(Data records)
* * *
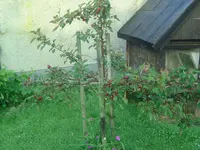 Red Love.jpg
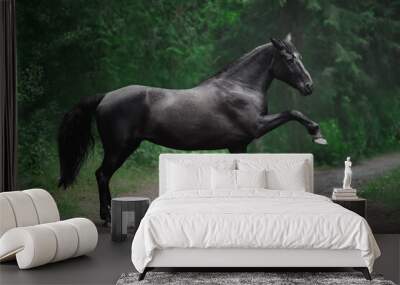 spanish walk of beautiful black mare horse in summer forest Wall mural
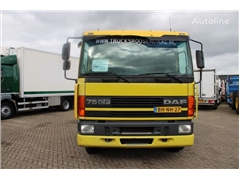 DAF CF 250 + EURO 2 + MANUAL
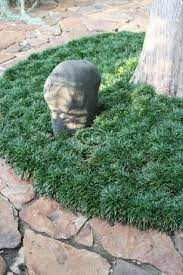 Ophiopogon J Nana 50 Bare Root Plants Dwarf Mondo Grass Ophiopogon Japonicus Monkey Grass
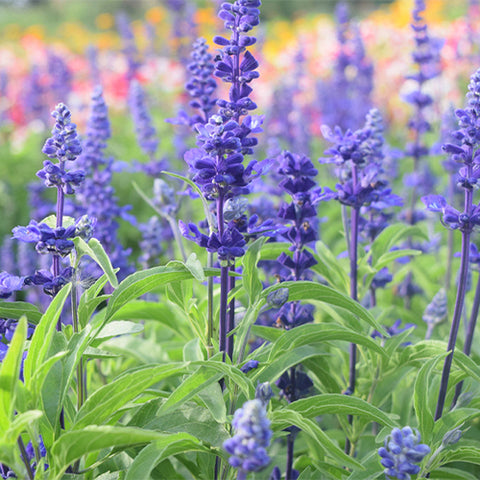 Salvia-Farinacea-String-Ofblue-Seeds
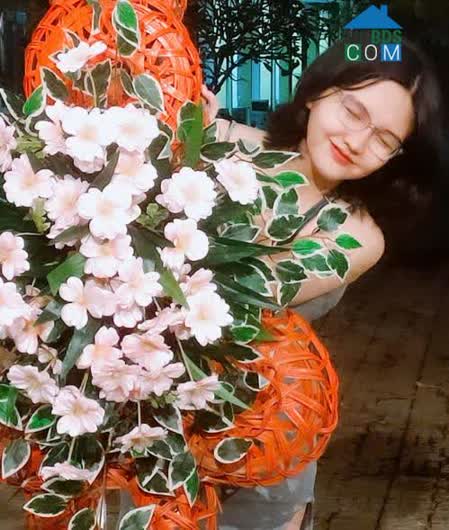 Nguyễn Thị Hồng Nghi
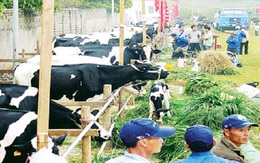 Ì ạch ngành chăn nuôi bò sữa
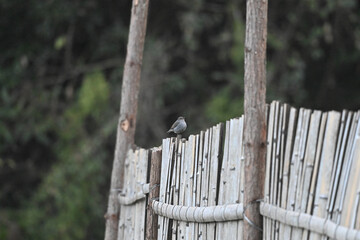 Fototapeta premium fence on a fence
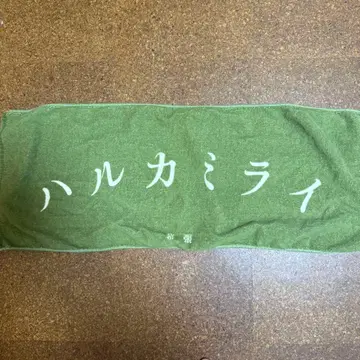 하루카미라이 타월 1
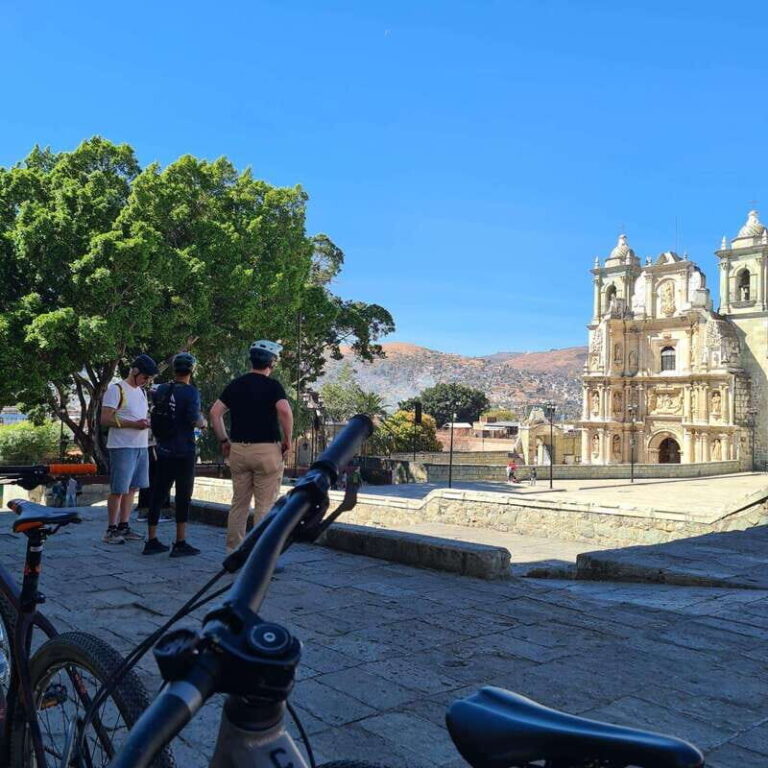 Oaxaca City: Bike Tour with Professional Guide+Art workshop - The Optional Art Workshop: A Creative Finale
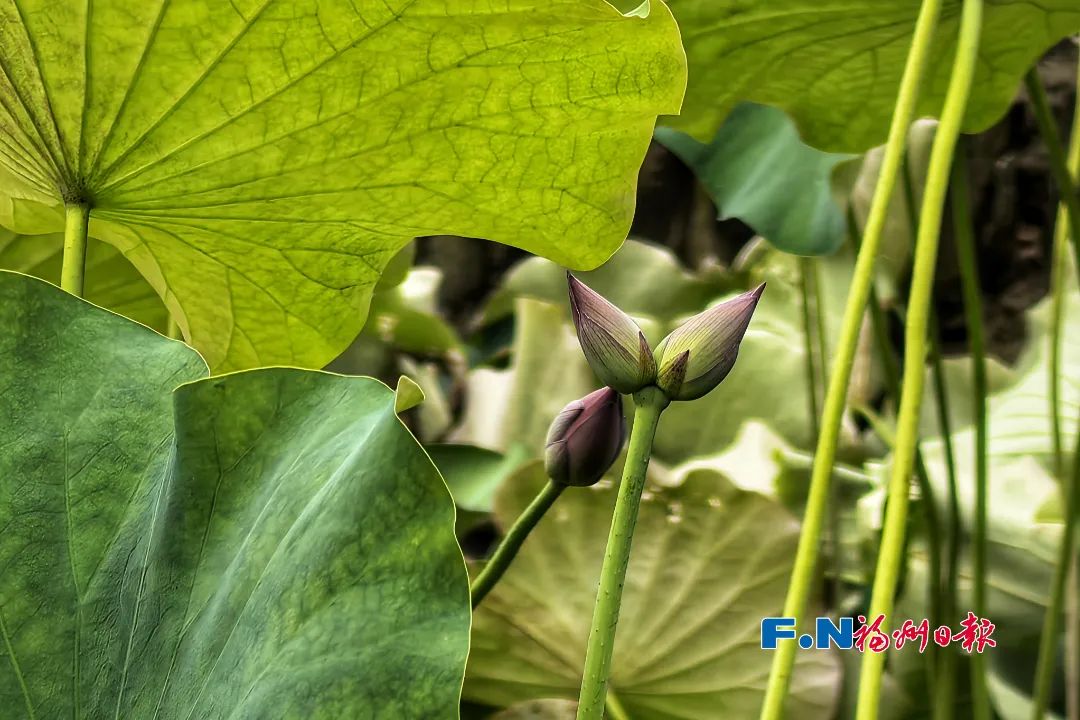 福州“花花世界”来了!地铁直达! 福州“花花世界”来了!地铁直达!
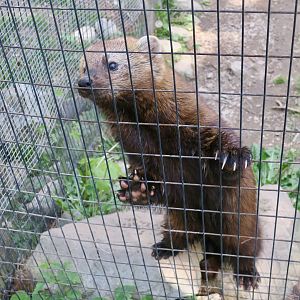 Fisher (Pekania pennanti)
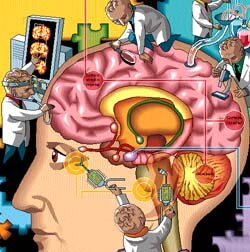 Teoría de la gramática universal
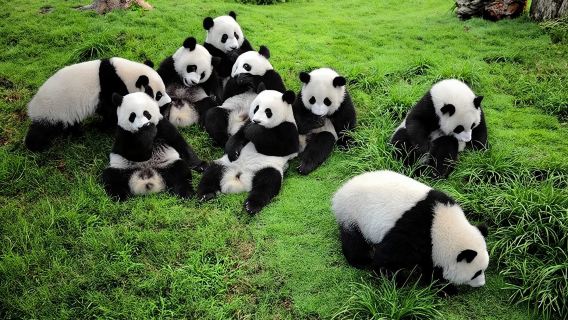 Chengdu Private Day Tour to Panda Base with Optional Volunteer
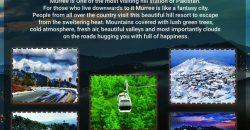 5 Marla Plot | New Murree Town Ship | Near Patariata , Murree.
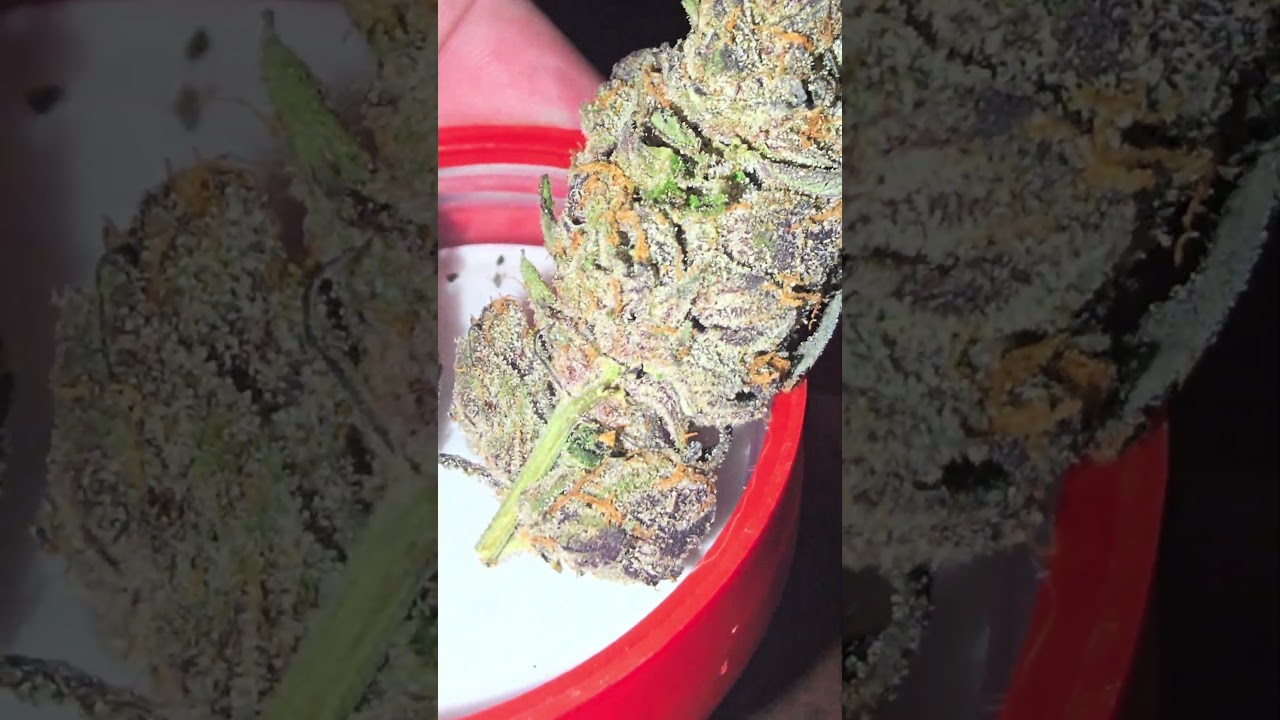 ✅️✅️✅️🎖🎖🎖🎖🎖LAX PACKS STRAIN CRUNCH BERRIES 🧟&zwj;♂️✨️⛽️🍪💓💓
* * *
**WHAT YOU HAVE TO DO**
Restate the data above exactly, stripping out each image.

**RESPONSE BOX**
 Red Love.jpg
 spanish walk of beautiful black mare horse in summer forest Wall mural
 DAF CF 250 + EURO 2 + MANUAL
 Ophiopogon J Nana 50 Bare Root Plants Dwarf Mondo Grass Ophiopogon Japonicus Monkey Grass
 Salvia-Farinacea-String-Ofblue-Seeds
 Nguyễn Thị Hồng Nghi
 Ì ạch ngành chăn nuôi bò sữa
 Fototapeta premium fence on a fence
 하루카미라이 타월 1
 Oaxaca City: Bike Tour with Professional Guide+Art workshop - The Optional Art Workshop: A Creative Finale
 福州“花花世界”来了!地铁直达! 福州“花花世界”来了!地铁直达!
 Fisher (Pekania pennanti)
 Teoría de la gramática universal
 Chengdu Private Day Tour to Panda Base with Optional Volunteer
 5 Marla Plot | New Murree Town Ship | Near Patariata , Murree.
 ✅️✅️✅️🎖🎖🎖🎖🎖LAX PACKS STRAIN CRUNCH BERRIES 🧟&zwj;♂️✨️⛽️🍪💓💓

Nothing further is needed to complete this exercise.